Sporopollenin is a biological polymer found as a major component of the tough outer (exine) walls of plant spores and pollen grains. It is chemically very stable and has been described as the "toughest material in the plant kingdom". It is well preserved in soils and sediments and with it surviving in spores from the mid‐Ordovician (475 million years ago) providing the earliest evidence of plant life on land.

The exine layer is often intricately sculptured in species-specific patterns, allowing material recovered from (for example) lake sediments to provide useful information to palynologists about past plant and fungal populations. Sporopollenin has found uses in the field of paleoclimatology as well as a marker of past ultraviolet (UVB) levels in the sunlight. Sporopollenin is also found in the cell walls of several taxa of green alga, including Phycopeltis (an ulvophycean) and Chlorella.

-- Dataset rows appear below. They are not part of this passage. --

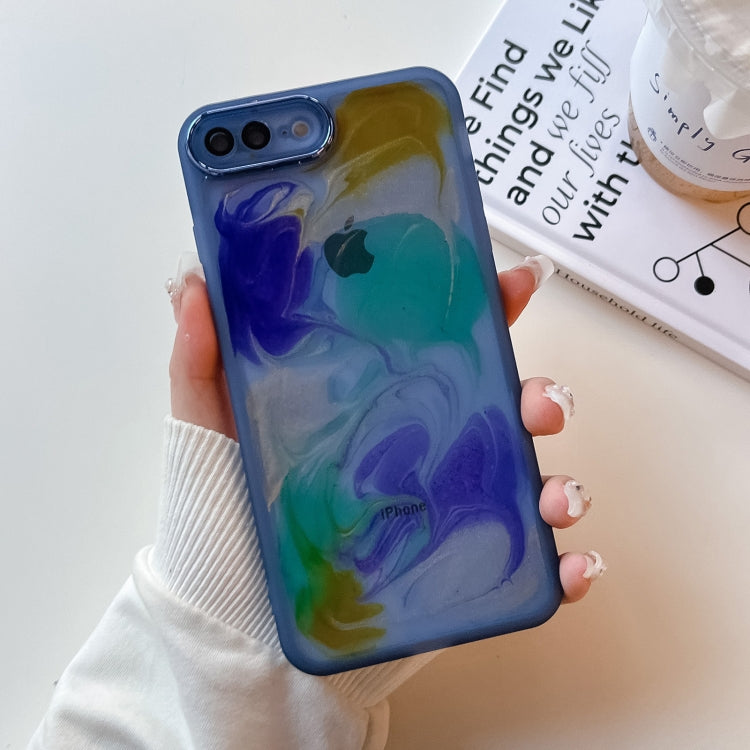 For iPhone 8 Plus / 7 Plus Oil Painting Electroplating TPU Phone Case(Blue) - More iPhone Cases by PMC Jewellery | Online Shopping South Africa | PMC Jewellery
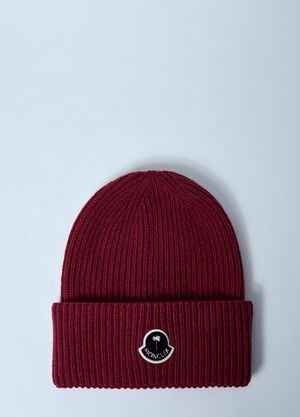 8 Moncler Palm Angels Logo Patch Beanie Hat Black mpa0259001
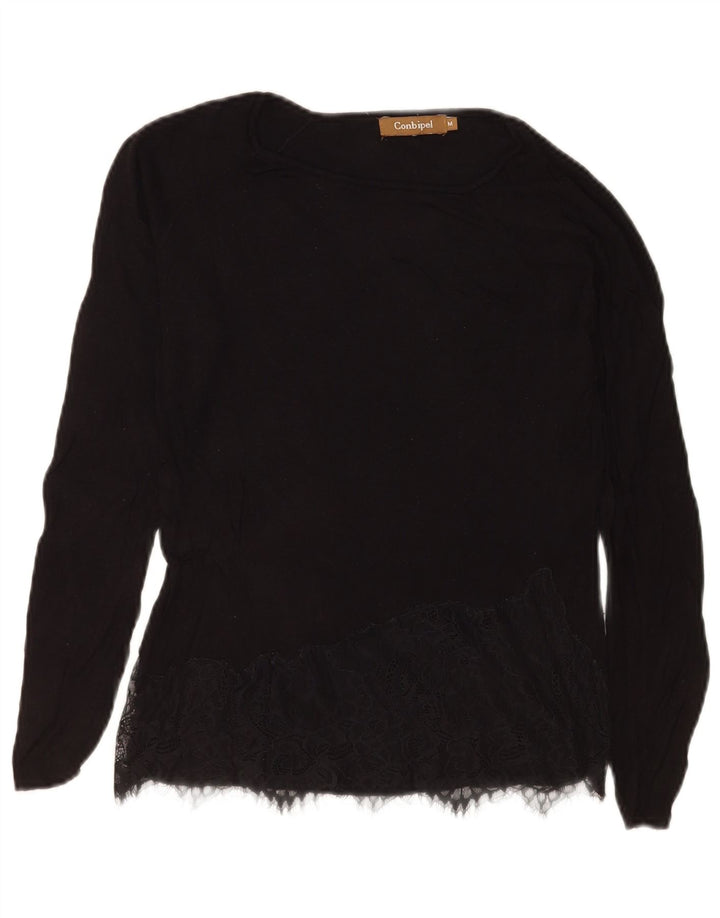 Conbipel Womens Top Long Sleeve UK 12 Medium Black Floral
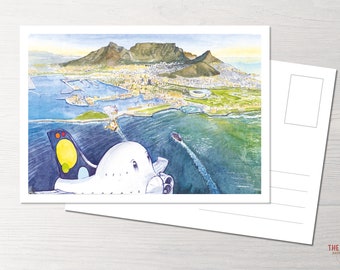 Postkarte Kapstadt, Around the world, Grußkarte, Travel around the world, Flugzeug, Plane, POTS, Princess of the Skies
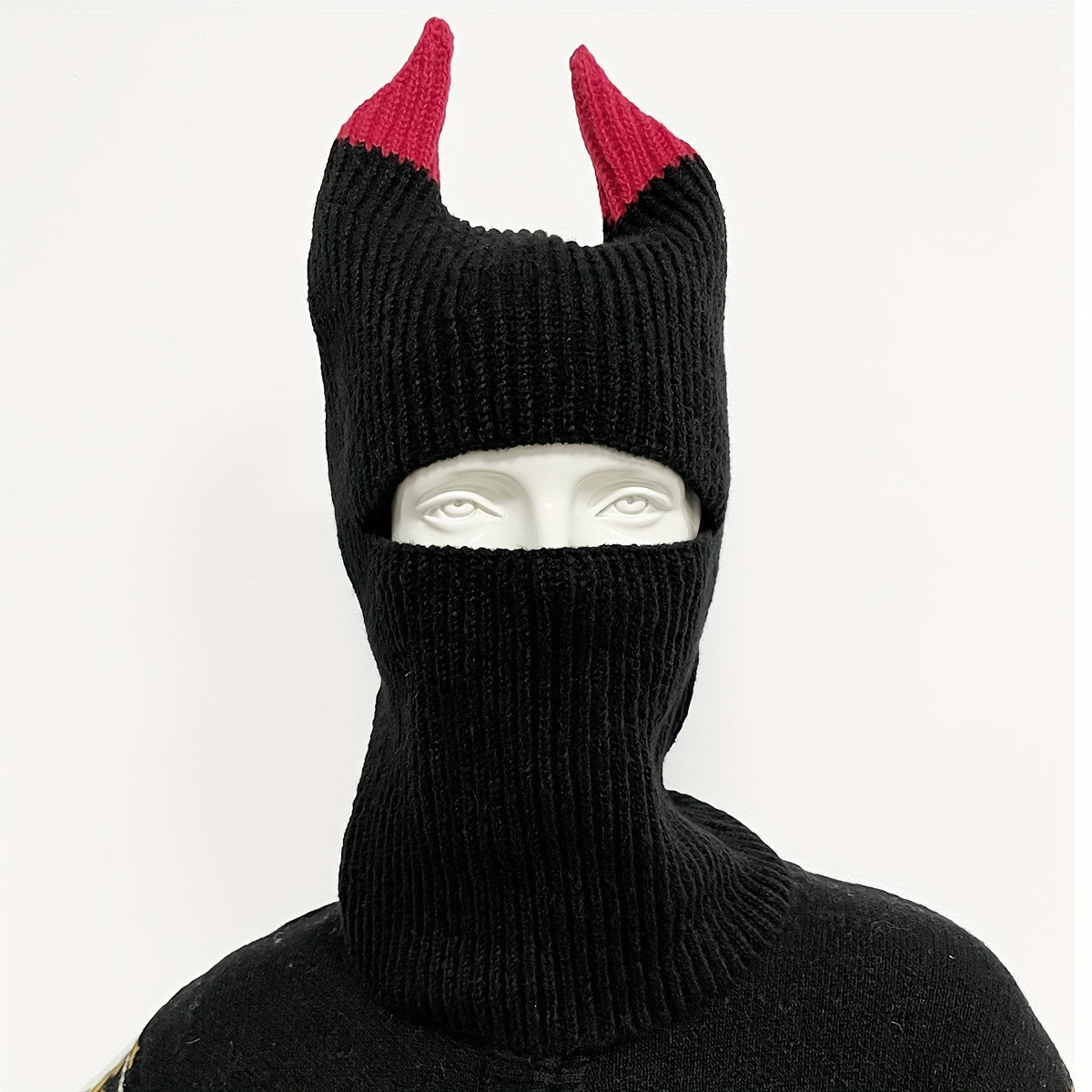 Balaclava Horn Ski Mask Unisex Hip Hop Beanie Knitted Elastic Headgear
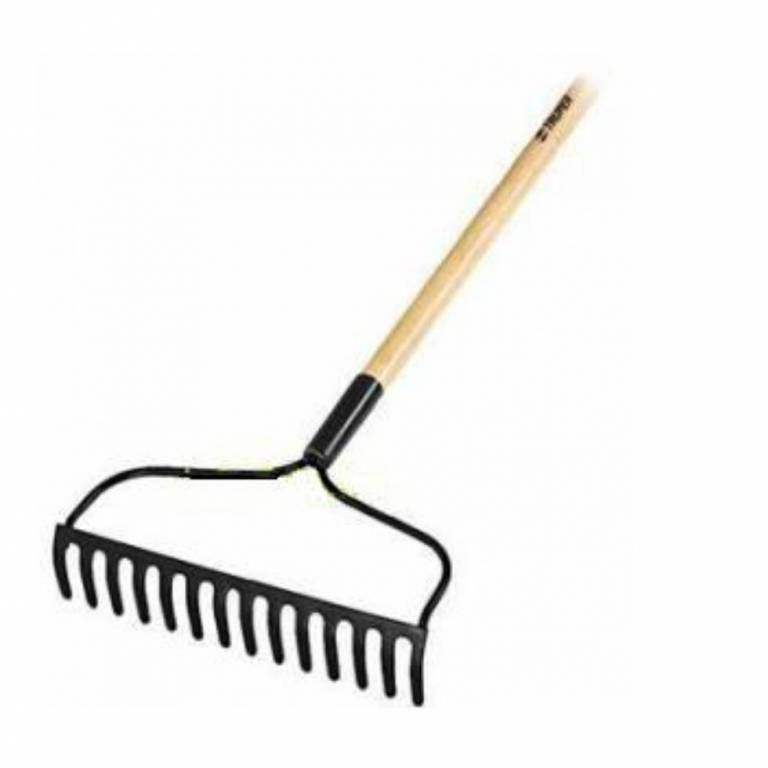 Pertul Gereblye 35cm széles fej, 14 fog és 122cm hosszú üvegszálas nyéllel, R-14-AL-FP termék fő termékképe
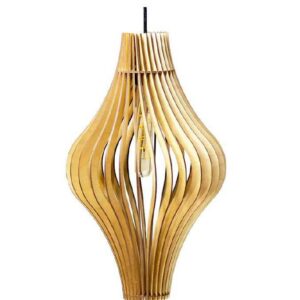 Đèn thả gỗ hình thoi đứng thanh xoắn DG240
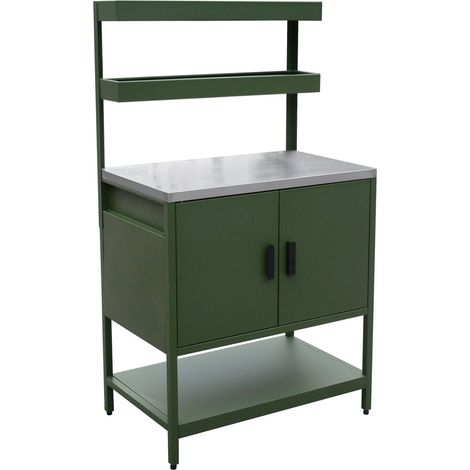 sweeek - Outdoor-Küche aus Stahl mit 2 hängenden Regalböden und 2 Türen L 80 cm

Spores are dispersed by many different environmental factors, such as wind, water or animals. In suitable conditions, the sporopollenin-rich walls of pollen grains and spores can persist in the fossil record for hundreds of millions of years, since sporopollenin is resistant to chemical degradation by organic and inorganic chemicals.

== Chemical composition ==
The chemical composition of sporopollenin has long been elusive due to its unusual chemical stability, insolubility and resistance to degradation by enzymes and strong chemical reagents. It was once thought to consist of polymerised carotenoids, but the application of more detailed analytical methods since the 1980s has shown that this is not correct. Analyses have revealed a complex biopolymer, containing mainly long-chain fatty acids, phenylpropanoids, phenolics and traces of carotenoids in a random co-polymer. Sporopollenin likely derives from several precursors that are chemically cross-linked to form a rigid structure. There is also good evidence that the chemical composition of sporopollenin is not the same in all plants, indicating it is a class of compounds rather than having one constant structure.

In 2019, thioacidolysis degradation and solid-state NMR was used to determine the molecular structure of pitch pine sporopollenin, finding it primarily composed of polyvinyl alcohol units alongside other aliphatic monomers, all crosslinked through a series of acetal linkages. Its complex and heterogeneous chemical structure gives some protection from the biodegradative enzymes of bacteria, fungi and animals. Some aromatic structures based on p-coumarate and naringenin were also identified within the sporopollenin polymer. These can absorb ultraviolet (UV) light, preventing it from penetrating further into the spore. This is relevant to the role of pollen and spores in transporting and dispersing gametes of plants. The DNA of the gametes is readily damaged by the ultraviolet component of daylight. Sporopollenin thus provides some protection from these damages as well as a physically robust container.

Analyses of sporopollenin from the clubmoss Lycopodium in the late 1980s have shown distinct structural differences from that of flowering plants. In 2020, more detailed analysis of sporopollenin from Lycopodium clavatum provided more structural information. It showed a complete lack of aromatic structures and the presence of a macrocyclic backbone of polyhydroxylated tetraketide-like monomers with pseudo-aromatic 2-pyrone rings. These were crosslinked to a poly(hydroxy acid) chain by ether linkages to form the polymer.

== Biosynthesis ==
Electron microscopy shows that the tapetal cells that surround the developing pollen grain in the anther have a highly active secretory system containing lipophilic globules. These globules are believed to contain sporopollenin precursors. Tracer experiments have shown that phenylalanine is a major precursor, but other carbon sources also contribute. The biosynthetic pathway for phenylpropanoid is very active in tapetal cells, supporting the idea that its products are needed for sporopollenin synthesis. Chemical inhibitors of pollen development and many male sterile mutants affect the secretion of these globules by tapetal cells.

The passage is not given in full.